斬りつけた者の肉体も精神も魂すら持ち主の自由にする支配の魔剣。
「こ、この魔剣でほんの少しの傷がつくだけでお前はおしまいだっ。我が民は殺しつくされたが、お前を人形にすればさぞ優秀な兵になるだろう。そしてお前を孕ませ、一族を増やし、また再び我が魔国を作り上げてみせるっ!!!!」
冷静さを失ったファーヴニルは狂ったかのようにラクスへと突進していく。
「はぁ、最期に地金をさらしてくれてありがと。実は立派な人でしたとかいうオチがつかなくて嬉しいわ」
ラクスは嘆息して棒立ちのままファーヴニルの魔剣の一撃を受け入れた。
彼女の肩口に食い込んだ剣は、骨を断ち切ることはなくとも微かな血が流れる。
全力の一撃であったのに傷が浅いことがファーヴニルにとって屈辱ではあったが、これで彼の目的は叶い、英雄ラクス・ハーネットはファーヴニル・ディストピアの奴隷人形になる、はずだった。
「────本当、つまらない男。
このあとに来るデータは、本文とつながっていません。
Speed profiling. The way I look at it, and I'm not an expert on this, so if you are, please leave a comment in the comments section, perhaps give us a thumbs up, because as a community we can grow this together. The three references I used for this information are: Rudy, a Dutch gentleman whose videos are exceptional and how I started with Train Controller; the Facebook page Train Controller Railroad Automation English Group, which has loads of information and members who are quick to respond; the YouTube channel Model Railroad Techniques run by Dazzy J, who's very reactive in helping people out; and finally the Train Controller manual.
そんな短くて小さいのじゃ、私は何も感じないわ」
ファーヴニルはゾクリとするほどのラクスの軽蔑のまなざしを間近で浴びる。
「な、何故だ。どうして貴様に自由がある!? 何故私の支配がお前には届かないっ!?」
目の前の女はファーヴニルにとって不理解にもほどがあった。
「そりゃ私だって乙女ですから、どうでもいい他人に心はそう簡単に触れて欲しくないもん。魅了を含む精神支配を拒絶する装備は肌身離さずつけてますとも」
そう言ってラクスはゆったりと星剣アトラスを大きく振りかぶる。その間際、彼女の手首のブレスレット、魅了避けが微かに煌めいた。
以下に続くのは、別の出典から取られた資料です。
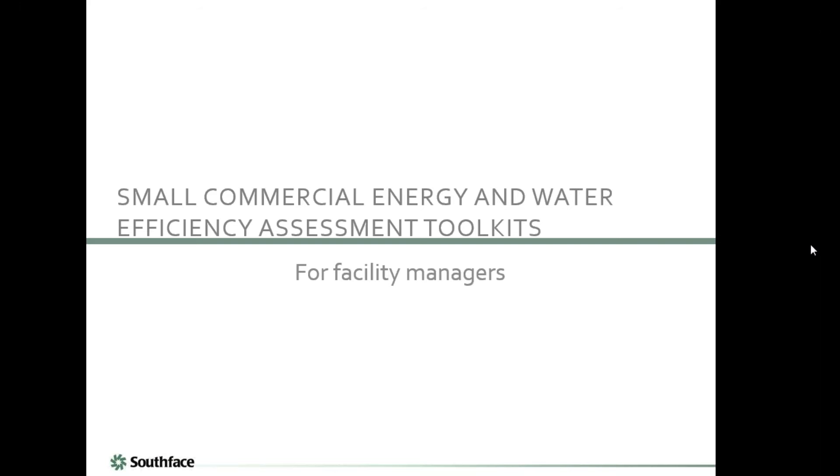My name is Kevin Monikaraj, I'm from Southface, I'm a project manager here. And I'm Abby Francisco, I'm also with Southface and a project engineer here. Thank you all for joining us today to learn more about the Small Commercial Energy and Water Efficiency Assessment Toolkit created by Southface.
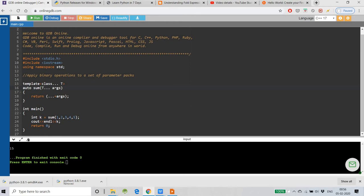Our fold expression basically applies binary operations to a set of parameter packs. Whatever parameters we send, it will apply the binary operation — plus, minus, division, whatever it is. The syntax to remember is: three dots, then the binary operator (plus, minus, or whatever operation you want to perform on all arguments passed to the function), and then write 'args' — the packed arguments. It will automatically unpack all those arguments and apply the binary operation on all of them.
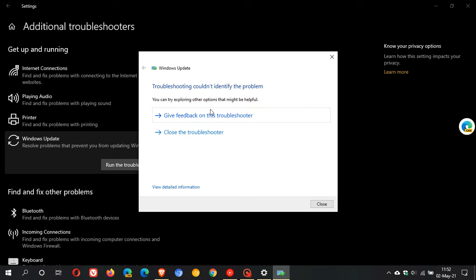The troubleshooter couldn't identify the problem, which means I don't really have a problem, or if I did have a problem, it couldn't identify it. Normally, if it does find a problem, then it says it's fixed the problem or it will give you the option to fix that problem.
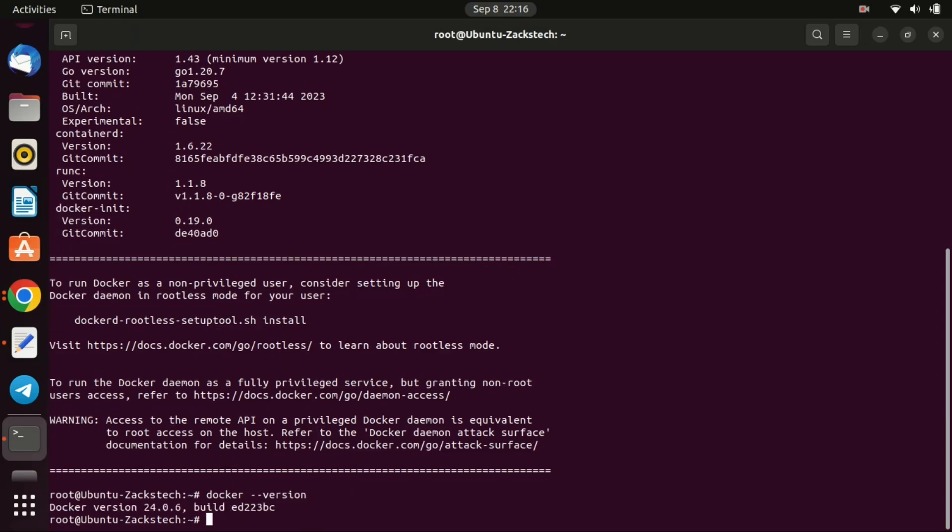That's it, folks. You've successfully installed Docker on your VPS. Now you can containerize your applications and deploy them effortlessly. If you found this tutorial helpful, give it a thumbs up. And don't forget to subscribe for more tech tutorials.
「ハ、ヒ、嫌だ、嫌だ、死にたくない死にたくないぞ私はっ!!」
自身の死の直感が働いたのか、ファーヴニルは無様にも魔剣を捨て地面を転がりながらもラクスから距離を取って逃げ出した。
すでに彼は星剣の間合いから遠く離れている。しかしラクスはそれを追いかけるそぶりもなく、星剣アトラスの起動キーを静かに告げた。
「たとえ私は愚かでも、その高みに手を伸ばさずにはいられない。────起きろ、星剣アトラス!!」
ラクスの言葉とともに、わずか一瞬で星剣アトラスは雲にも届かんばかりに巨大化した。
アトラスの超重量がラクスの肉体を押しつぶさんとするも、彼女は真っ直ぐに殺すべき敵を見据えていた。
「国ってものは、そこに住む人ってものは、この剣よりもずっとずっと重いモノでしょっ。その重さも知らないヤツが王を名乗るなっ。人の期待も、人の命も、一度背負えばもう十分ってくらいに、すっごく重いモノなんだから」
そう口にした彼女の顔は、まぎれもなく英雄のそれだった。
「い、嫌だ、嫌だ、嫌だ!!」
ファーヴニルはラクスからはもはや遠く、しかし巨大化した星剣アトラスの間合いから逃げ出すにはすでに遅い。
「アナタが手にした国の重さ、ほんの少しでも味わってみたら?」
彼女の言葉とともに超重量が振りかざされ、ファーヴニル・ディストピアに向けてその剣撃が加速して落ちていく。
「嫌だ、私は死にたくなっ──────」
それはまるで流星が落ちてきたかのように、大爆撃の轟音とともに覇国の武王ファーヴニル・ディストピアは彼がこれまで弄んだ命の重さを知って絶命した。